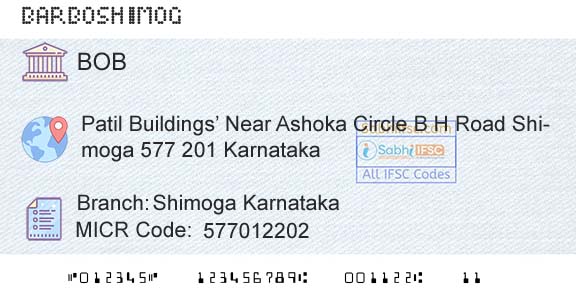 Bank Of Baroda Shimoga KarnatakaBranch 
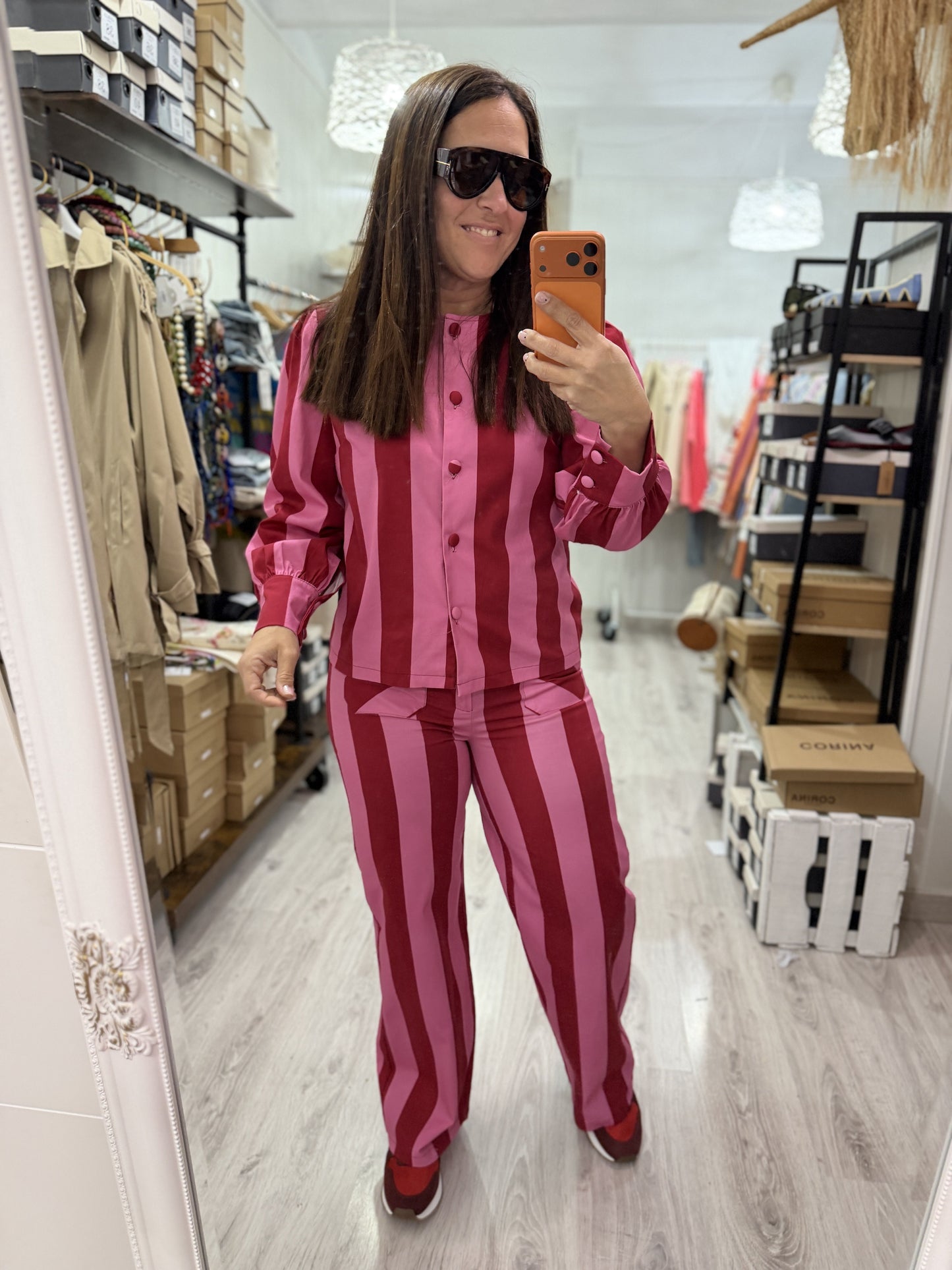 Conjunto Leticia fucsia y rojo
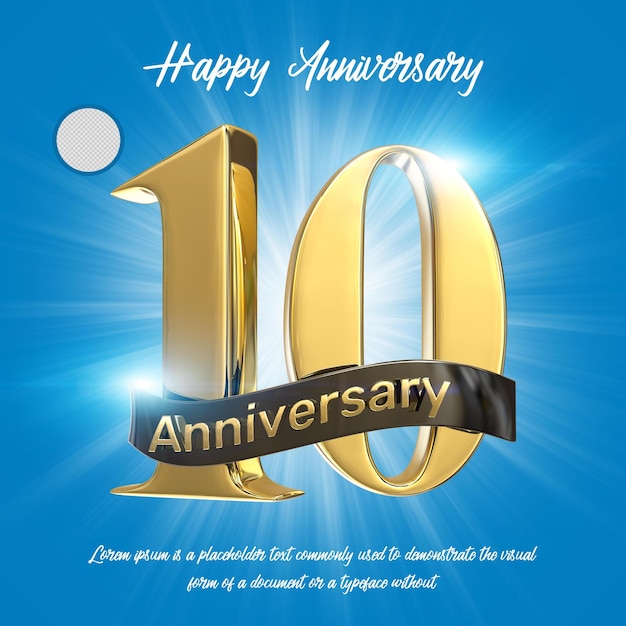 PSD gold 10th happy anniversary 3d rendering isolated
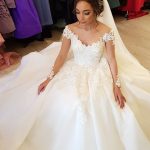 Magnificent A-Line Wedding Dresses with Off-the-Shoulder Neckline and Sleeves
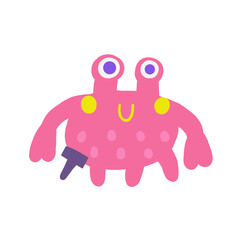 Cute pirate theme composition, postcard with funny hand drawn doodle crab character, fake leg. Marine, nautical Caribbean bandit t shirt print, cover, template, banner, poster print objects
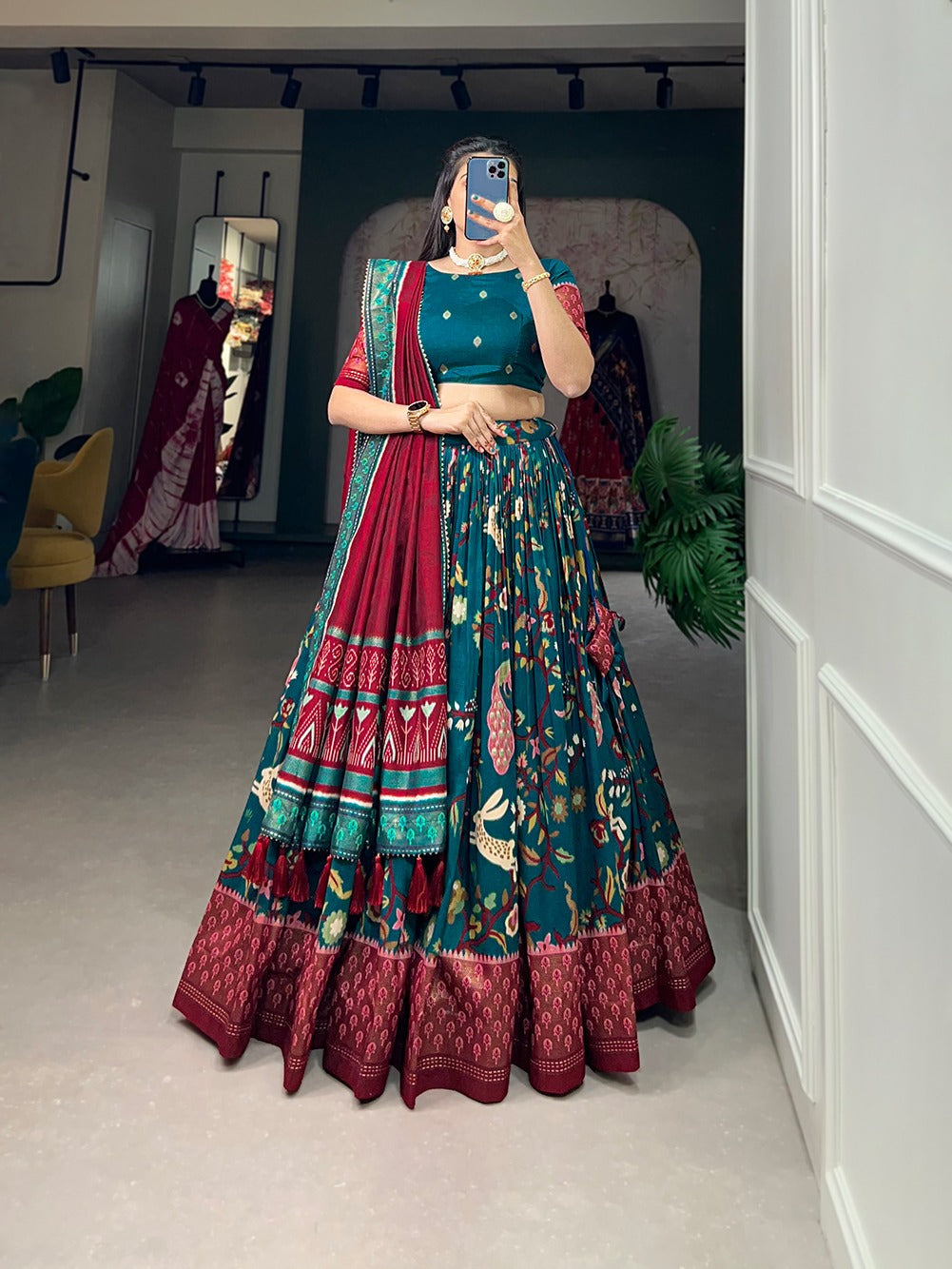 Firozi Color Mesmerize in Dola Silk Elegance Printed Lehenga Choli Set with Foil Work & Minakari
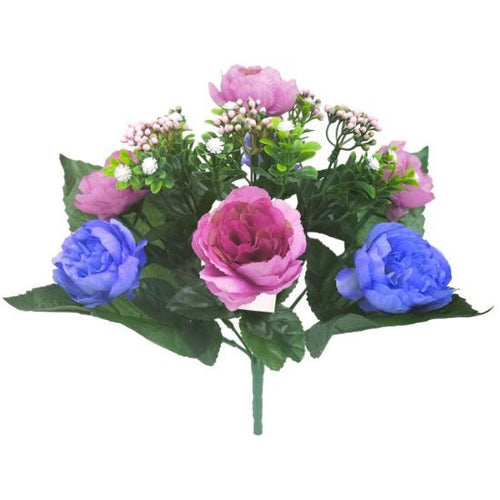 32cm Pink and Blue Peony Bush with Berries - Artificial Flower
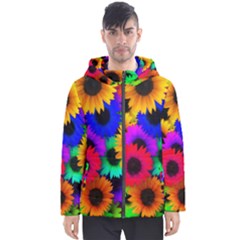 Colorful sunflowers                                                   Men s Hooded Puffer Jacket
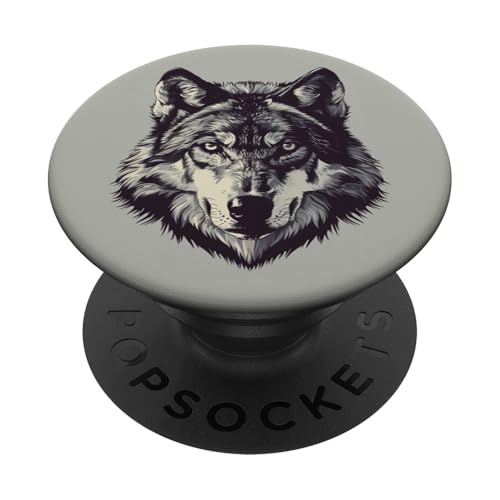 Wolf Portrait Grey PopSockets Klebender PopGrip Wolf Portrait Grey PopSockets Klebender PopGrip von Animal Lover Wolf Accessories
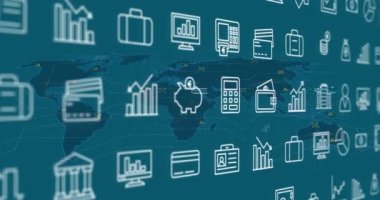 Yeşil arka planda dünya haritasında finansal simgelerin canlandırılması. Dijital olarak oluşturulmuş küresel ağ, iletişim, veri işleme ve teknoloji konsepti.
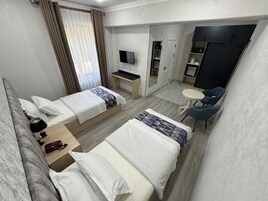 Habitación estándar con 2 camas individuales | Sistema de insonorización, tabla de planchar con plancha, wifi gratis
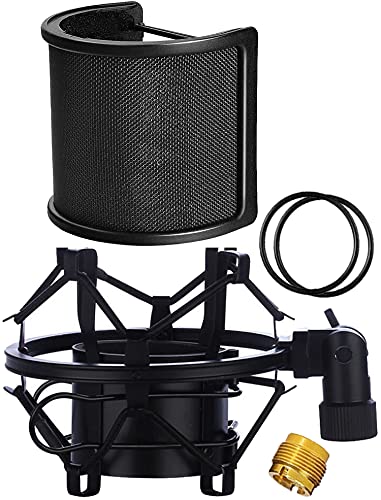 Microphone Shock Mount with Pop Filter, Mic Anti-Vibration Suspension Shock Mount Holder Clip for Diameter 46mm-51mm Microphone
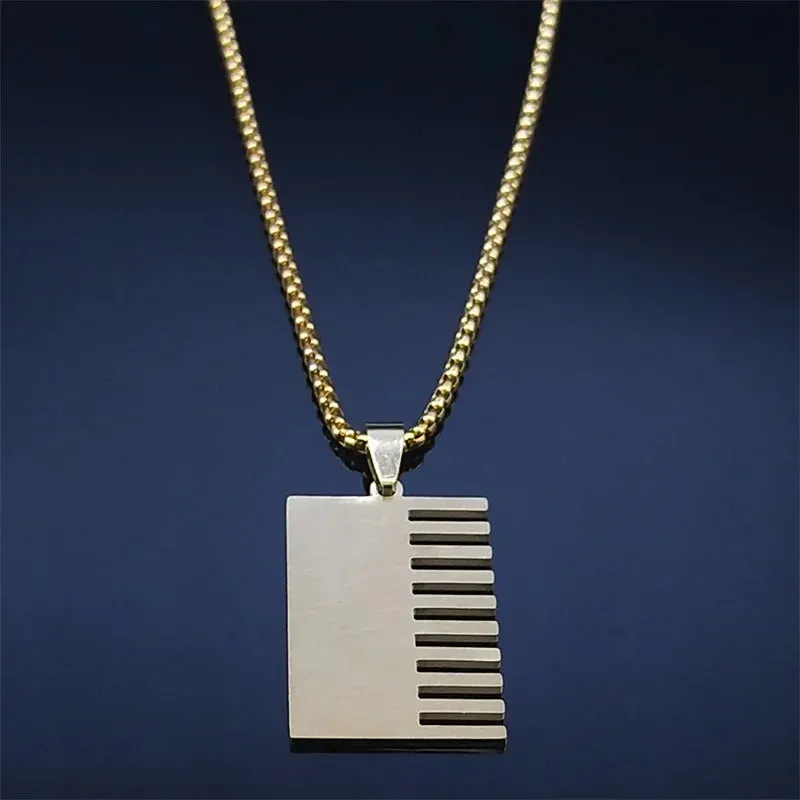 Lord's Prayer Scripture Bible Cross Necklace Stainless Steel Gold Color Spanish Necklaces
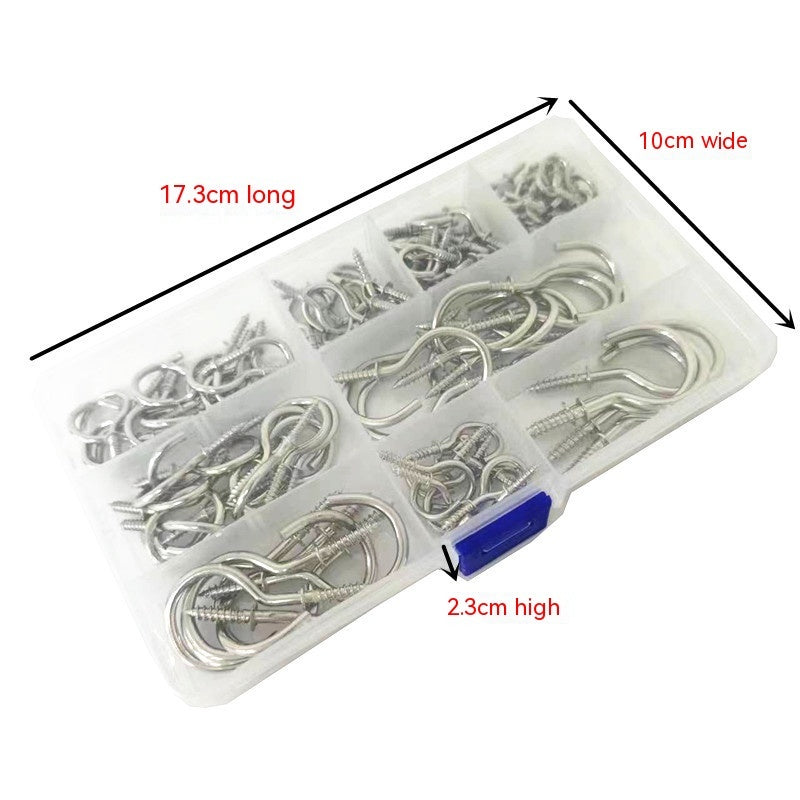 Crochets de coupe en boîte 7 Spécifications 120pcs Crochet de plafond en argent noir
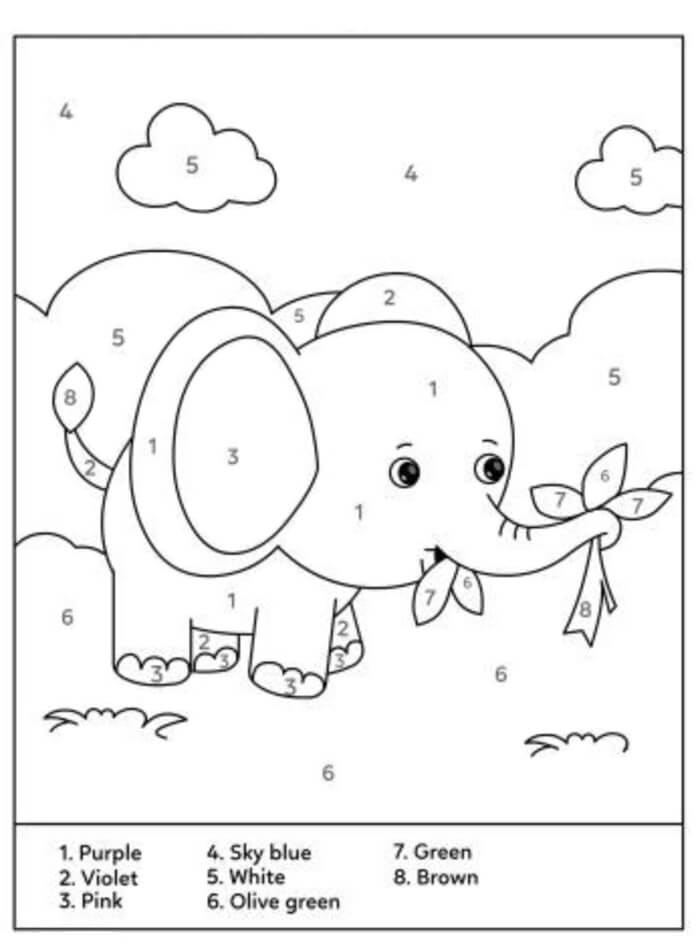 Coloriage magique éléphant pour enfants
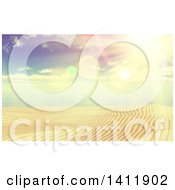 Poster, Art Print Of 3d Sandy Beach Background With Flares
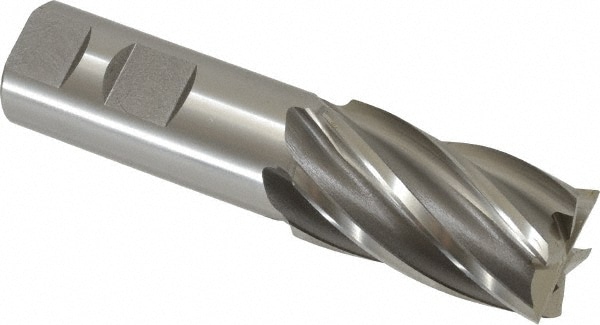 OSG 5415600 Square End Mill: 1-1/8 Dia, 2 LOC, 1 Shank Dia, 4-1/2 OAL, 6 Flutes, Cobalt Image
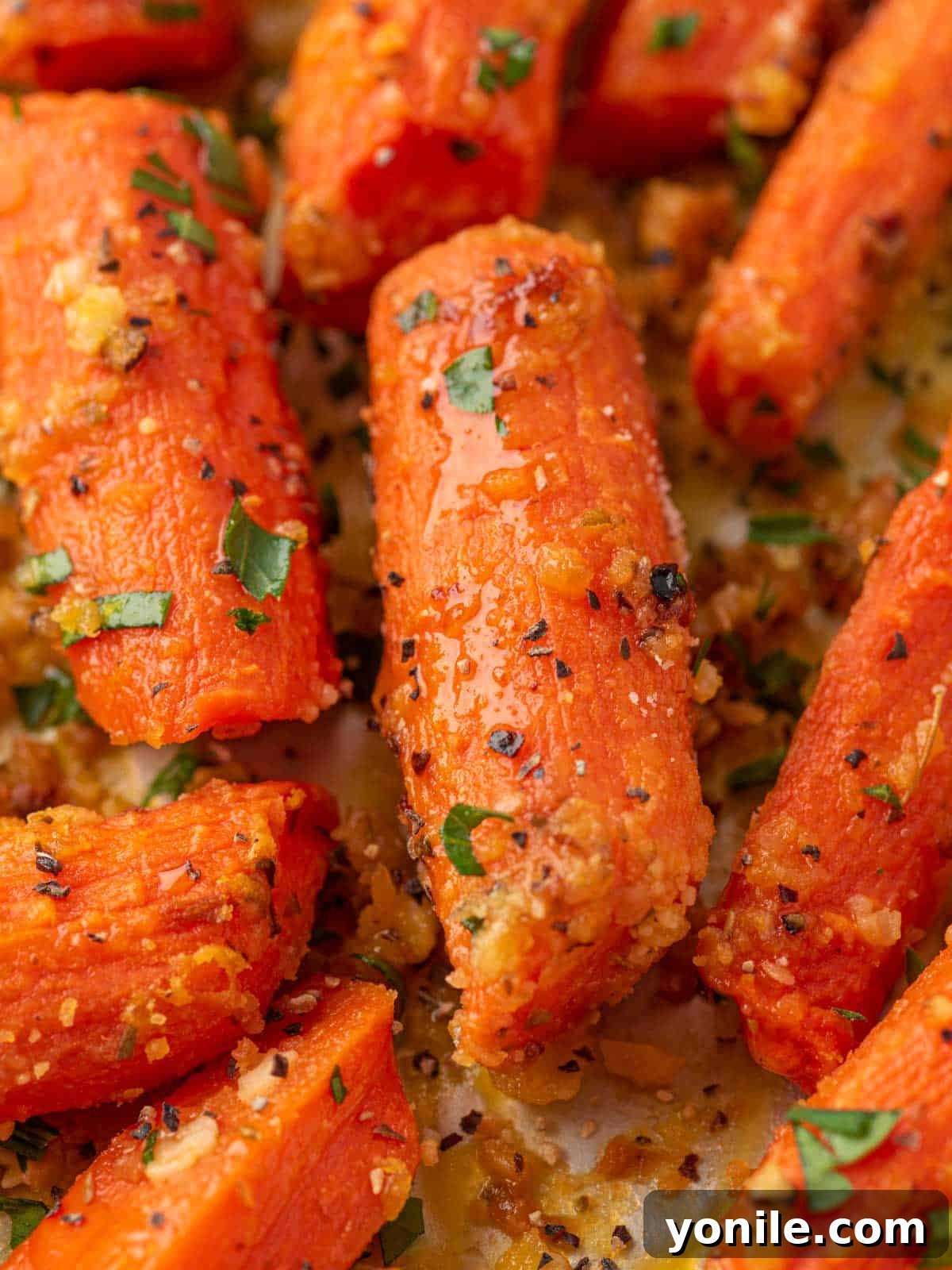 Close up of glazed carrots with parmesan cheese, highlighting the crispy, golden-brown cheese crust and tender texture.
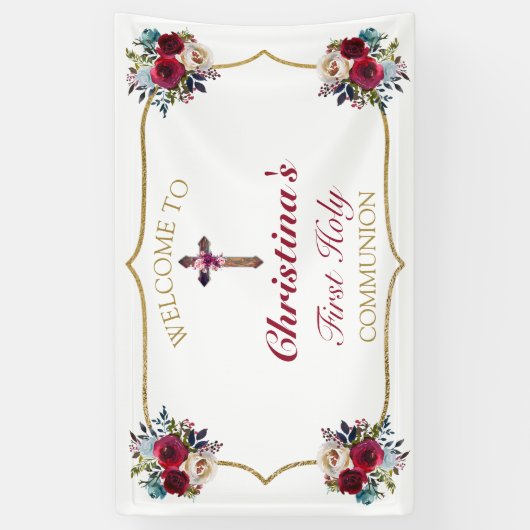 バラエレガントフローラ金ゴールドファーストホーリーコミュニオン 横断幕 (縦)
========================================
◆ Description of the task
Nothing but the lines from the one holding "Yeşil arka planda" through the final line of the records above belongs in the answer, each retyped exactly; omit the pictures.

◆ Task solution
 Yeşil arka planda dünya haritasında finansal simgelerin canlandırılması. Dijital olarak oluşturulmuş küresel ağ, iletişim, veri işleme ve teknoloji konsepti.
 Habitación estándar con 2 camas individuales | Sistema de insonorización, tabla de planchar con plancha, wifi gratis
 Microphone Shock Mount with Pop Filter, Mic Anti-Vibration Suspension Shock Mount Holder Clip for Diameter 46mm-51mm Microphone
 Lord's Prayer Scripture Bible Cross Necklace Stainless Steel Gold Color Spanish Necklaces
 Crochets de coupe en boîte 7 Spécifications 120pcs Crochet de plafond en argent noir
 Coloriage magique éléphant pour enfants
 Poster, Art Print Of 3d Sandy Beach Background With Flares
 OSG 5415600 Square End Mill: 1-1/8 Dia, 2 LOC, 1 Shank Dia, 4-1/2 OAL, 6 Flutes, Cobalt Image
 Close up of glazed carrots with parmesan cheese, highlighting the crispy, golden-brown cheese crust and tender texture.
 バラエレガントフローラ金ゴールドファーストホーリーコミュニオン 横断幕 (縦)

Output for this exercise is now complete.